DORA Metrics Reference

Foundation

What are DORA Metrics?

DORA metrics come from the DevOps Research and Assessment program — six years of research (published in the State of DevOps reports and the book Accelerate) identifying which software delivery practices predict organisational performance.

The research identifies four metrics that together capture both throughput (how fast you deliver) and stability (how reliable that delivery is). High performers score well on all four — they are not in tension.

The core finding: High performers deploy more frequently AND have lower failure rates AND recover faster than low performers. Speed and stability are not a tradeoff at the elite level — they are complementary.

The 4 Metrics

The Four DORA Metrics

🚀 Deployment Frequency

How often does the organisation successfully release to production?

Elite

Multiple per day

High

Once per day to once per week

Medium

Once per week to once per month

Low

Once per month to once per 6 months

⏱ Lead Time for Changes

How long does it take for a commit to get into production? (from code committed to code running in production)

Elite

Less than 1 hour

High

1 day to 1 week

Medium

1 week to 1 month

Low

1 month to 6 months

🔴 Change Failure Rate

What percentage of changes to production result in a degraded service or require remediation (hotfix, rollback, patch)?

Elite

0–15%

High

0–15%

Medium

0–15%

Low

16–30%

💓 Time to Restore Service (MTTR)

How long does it take to recover from a failure in production? (from incident start to service restored)

Elite

Less than 1 hour

High

Less than 1 day

Medium

Less than 1 day

Low

1 day to 1 week

Benchmarks

Performance Bands

Band	Deploy Frequency	Lead Time	Change Failure Rate	MTTR
🏆 Elite	Multiple/day	<1 hour	0–15%	<1 hour
🥇 High	1/day–1/week	1 day–1 week	0–15%	<1 day
🥈 Medium	1/week–1/month	1 week–1 month	0–15%	<1 day
🔴 Low	<1/month	1–6 months	16–30%	1 day–1 week

The 2023 State of DevOps report introduced a fifth metric: Reliability (measured as meeting or exceeding reliability targets).

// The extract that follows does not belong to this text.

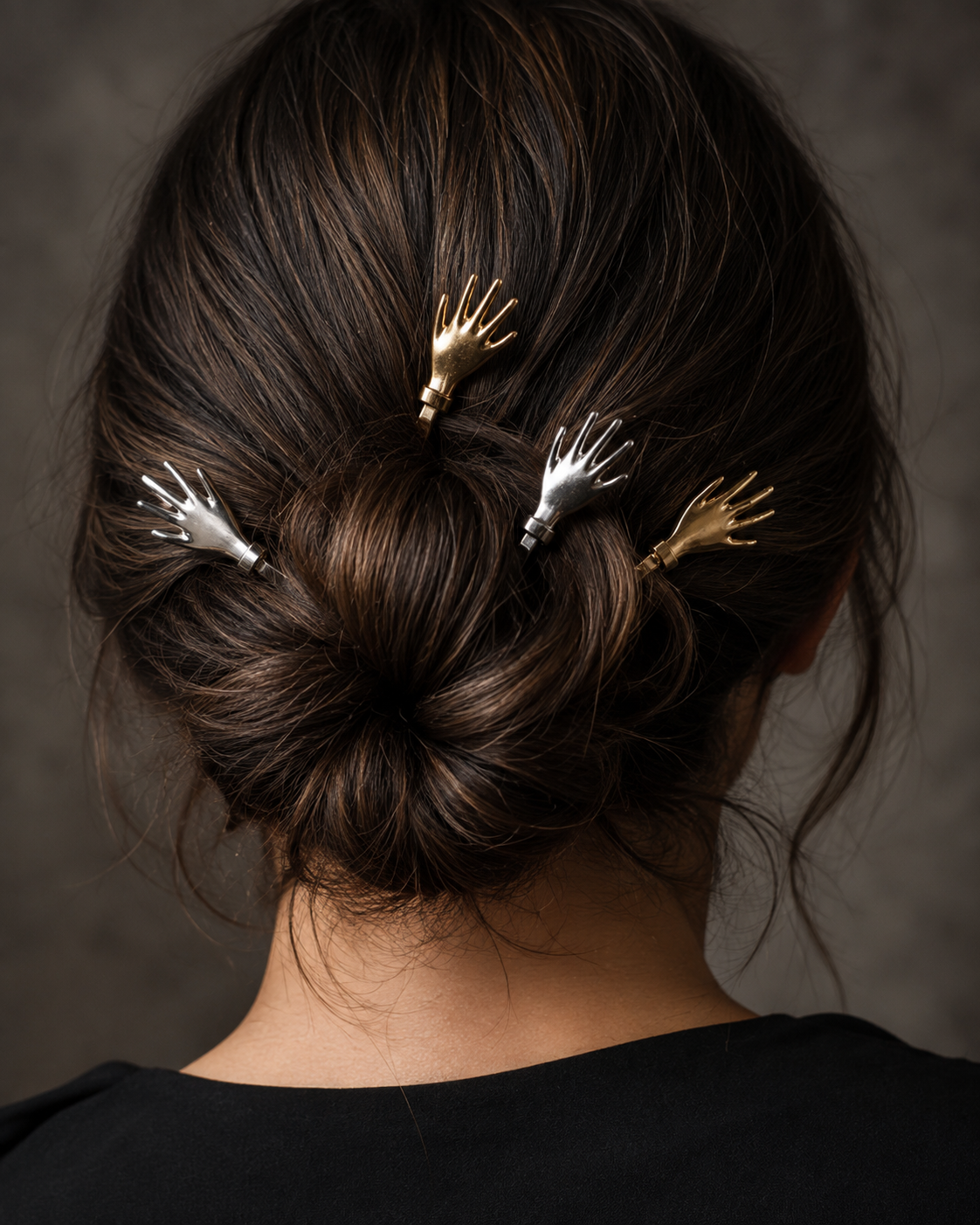 A person viewed from the back with dark brown hair styled in a low bun, wearing four small hand-shaped hair clips in silver and gold against a dark gray studio background.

Elite performers score well on all five.

Improvement

How to Improve Each Metric

Deployment Frequency

Blockers: long approval chains, manual release processes, infrequent merges
Improvements:
→ Trunk-based development (feature branches <1 day old)
→ Automated CI/CD pipeline (no manual steps to deploy)
→ Feature flags to decouple deploy from release
→ Small, incremental commits (not big-bang merges)

Lead Time for Changes

Blockers: long code review queues, slow test suites, manual approvals
Improvements:
→ Automated testing (unit + integration + smoke) <10 min
→ Pair programming / async code review SLA (24h max)
→ Eliminate manual gates; automate compliance checks
→ Reduce batch size of changes

Change Failure Rate

Blockers: insufficient automated testing, lack of staging parity
Improvements:
→ Test coverage and quality gates in CI
→ Staging environment that mirrors production
→ Progressive rollout: canary → 5% → 25% → 100%
→ Automated regression tests before every deploy

Time to Restore (MTTR)

Blockers: slow detection, complex rollback, unclear ownership
Improvements:
→ Comprehensive monitoring and alerting (detect within minutes)
→ Automated rollback or blue/green deploy capability
→ On-call runbooks with recovery steps
→ Blameless post-mortems with follow-through on action items

Improvement

How to Measure DORA

Deployment Frequency
→ Count deployments to production per week/day from your CD pipeline
→ Use: GitHub Actions logs, Spinnaker, Argo CD, CircleCI deployments

Lead Time for Changes
→ Time from first commit on a change to production deploy
→ Use: PR creation timestamp → merge → deploy pipeline completion
→ Tools: LinearB, Sleuth, DORA dashboard in Google Cloud

Change Failure Rate
→ Count deploys that triggered an incident, hotfix, or rollback
   divided by total deploys in the period
→ Use: PagerDuty incidents + deployment events; label "rollback" deploys

MTTR
→ PagerDuty / Opsgenie incident opened → incident resolved timestamps
→ Average or 85th percentile per month

Start with manual measurement for 1–2 weeks to understand your baseline before investing in tooling. Accuracy matters more than automation at first.

Reference

Anti-Patterns

Anti-Pattern	Problem	Fix
Optimising metrics in isolation	Team game the metric without improving the underlying capability	All four metrics together tell the story; don't cherry-pick
DORA as individual KPI	Developers blamed for team-level metrics	DORA measures the team and the system, never individuals
Measuring DORA without acting on it	Dashboards without action plans; "metrics theatre"	Metrics must drive specific improvement experiments
Counting deployments to staging	Inflates Deployment Frequency; production is what matters	Only production deployments count
Conflating Lead Time with Sprint Cycle Time	Different measurements; sprint metrics ≠ deployment lead time	Lead time = code committed → production; measure end-to-end
MTTR without post-mortems	Recover fast but never learn; same incidents recur	Every P1/P2 incident requires a blameless post-mortem + actions

Reference

DORA Cheat Sheet

4 Metrics
DF   → Deployment Frequency (how often to production?)
LT   → Lead Time for Changes (commit → production)
CFR  → Change Failure Rate (% deploys causing incidents)
MTTR → Time to Restore Service (incident start → resolved)

Elite benchmarks
DF   → multiple times per day
LT   → less than 1 hour
CFR  → 0–15%
MTTR → less than 1 hour

Improving DF & LT (throughput)
→ Trunk-based development
→ Automated CI/CD, no manual gates
→ Feature flags
→ Small batch sizes

Improving CFR & MTTR (stability)
→ Comprehensive automated testing
→ Production-parity staging
→ Progressive rollout (canary)
→ Monitoring + alerting + runbooks
→ Automated rollback capability
→ Blameless post-mortems

Remember
→ High performers excel at ALL four — they are not in tension
→ Measure the system, never individuals